→ **Work task**
Omit the pictures and reproduce the rest of the listing exactly.

-- Information supplied follows --

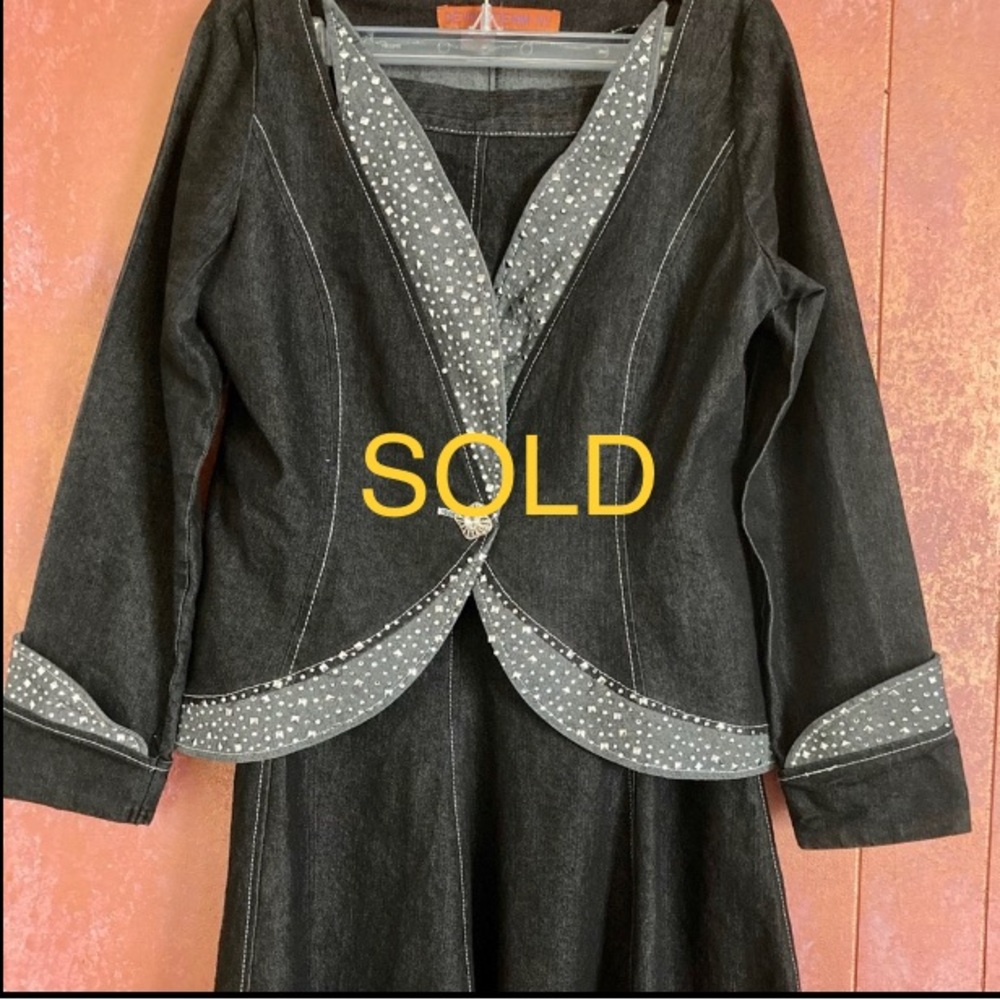 Devine Denim Womens Skirt Suit. Size 8.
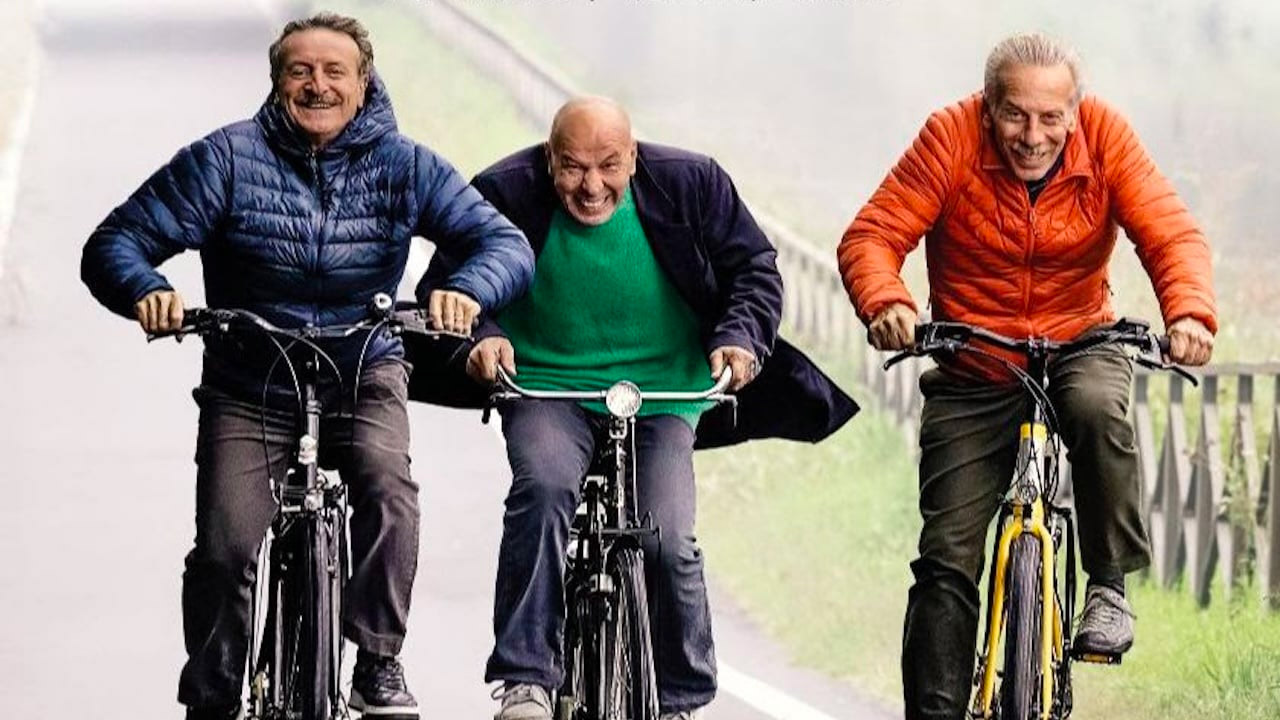 Attitudini - Nessuna, un autoritratto divertente - ma con squarci di riflessione - su un trio comico memorabile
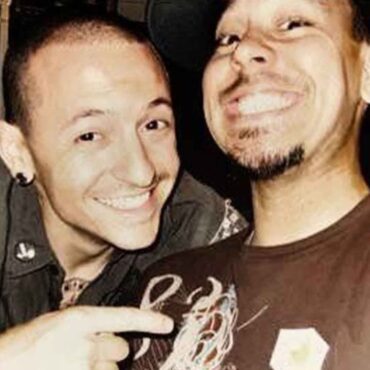 mike-shinoda-tells-chester’s-mom-the-truth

-- Information supplied concluded --

→ **Exercise result**
 Devine Denim Womens Skirt Suit. Size 8.
 Attitudini - Nessuna, un autoritratto divertente - ma con squarci di riflessione - su un trio comico memorabile
 mike-shinoda-tells-chester’s-mom-the-truth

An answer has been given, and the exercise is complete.